The study drew upon the views of 27 top professionals from a range of disciplines in the preschool sector and examined the key challenges facing the sector and provides a ground-up perspective of solutions for improvements.
Their recommendations include:
- Recognizing preschool education as an essential part of Singapore’s public education and possibly providing free preschool education for children, at least up to Kindergarten 1 and 2
- Raising the status of preschool teachers by creating better career prospects and establishing a national pay scale that will match those of mainstream teacher
- Forming a lead government ministry with the sole focus of overseeing and regulating the preschool sector
The recommendations come a month after a global survey released by the same organisation ranked Singapore’s preschool sector 29th out of 45 countries on its overall quality of early education.
Should preschool education be free?
71% of the participants felt there should be free preschool education for all children, at least for those in Kindergarten 1 and 2.
Dr Lynn Ang, Senior Lecturer, Early Childhood University of East London, shared that it is during these formative years, from birth to preschool age that the foundations are laid for children’s subsequent success and achievement, and yet the preschool sector is not supported by the government.
The preschool sector here is 100-per-cent privatised and the fees ranges from $100 to $2000, which means that parents who are financially able can purchase better quality education, while those with lower income are left with fewer choices.
Dr Ang added, “There is overwhelming evidence shown from a global research conducted recently that quality preschool experience can make a positive difference to a child’s overall well-being especially those from disadvantaged backgrounds such as low-income families.”
To address the concern of uneven quality, equity and affordability currently present in the sector, the government needs to look at early childhood services as a “necessary public good,” and increase funding for the sector to level the gaps and achieve an inclusive society.
By doing so, it will provide all young children in Singapore the best possible chance in life to grow up into happy, healthy, confident and successful individuals.
As Lien Foundation’s CEO, Lee Poh Wah puts it, “Education system is the only way to generate a future for a country so quality schools including preschools are the real engines to transport us to the future.”
Preschool teachers are not second class teachers
60% of the participants considered the quality and well-being of teachers in the industry as a top concern.

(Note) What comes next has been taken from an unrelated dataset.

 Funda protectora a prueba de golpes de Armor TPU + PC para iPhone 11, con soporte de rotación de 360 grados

High turnover rate, low pay and the low status of the profession are major bugbears plaguing the sector. Mr Lee shared the salaries pulled in by preschool teachers:
“According to the Ministry of Manpower labour report, the median pay for preschool teachers last year is S$1,840, and those at the 75 percentile earn S$2,040 – which means to say, 75 per cent of them earn S$2,040 or less.”

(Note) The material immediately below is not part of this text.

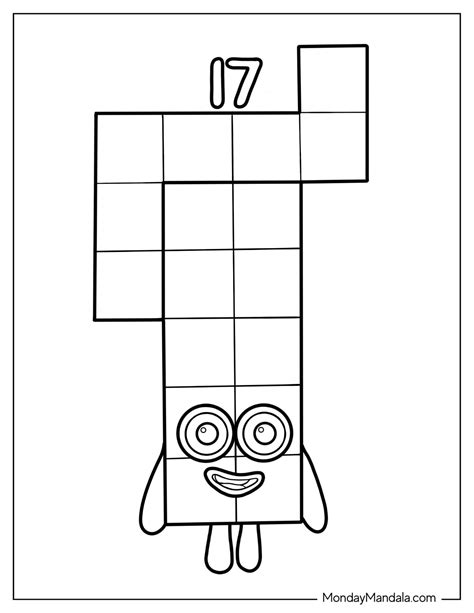 28 Numberblocks Coloring Pages (Free PDF Printables)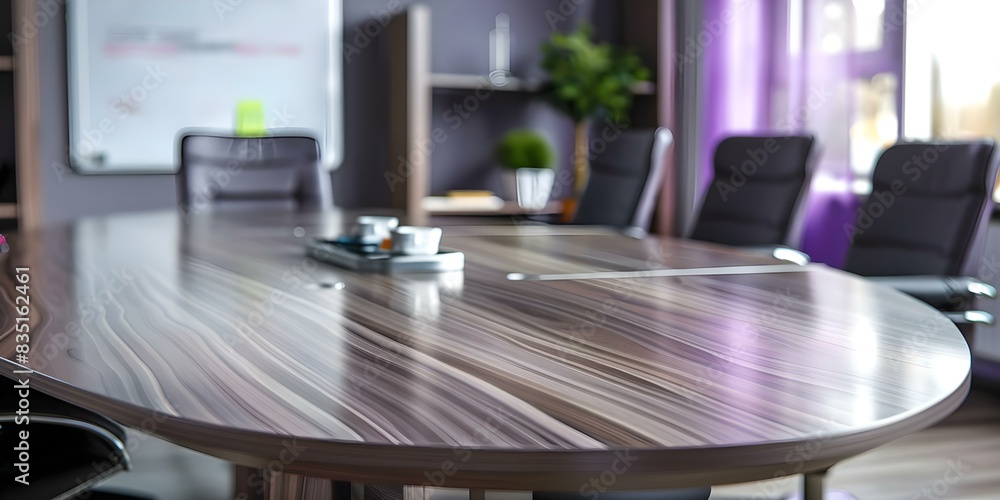 Oval conference table with whiteboard in meeting room for presentations. Concept Meeting Room Setup, Whiteboard Presentations, Oval Conference Table Oval conference table with whiteboard in meeting room for presentations. Concept Meeting Room Setup, Whiteboard Presentations, Oval Conference Table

“The increment from median to 75 percentile is only S$200. That gives you a view in terms of the dismal pay progression.”
One of the recommendations given to address this concern was to explore ways to progressively raise the salaries of preschool teachers and establish a national pay scale that will match those of mainstream teachers.
How can parents play a part?
Parents are children’s first and life-long teachers and thus there is a need to include parents and families as an integral part of preschool education. Providing various parental outreach programmes can bolster the outcomes of early childhood education. When parents are well supported and equipped with the right skills and information to care for their children, they can better help them achieve their potential.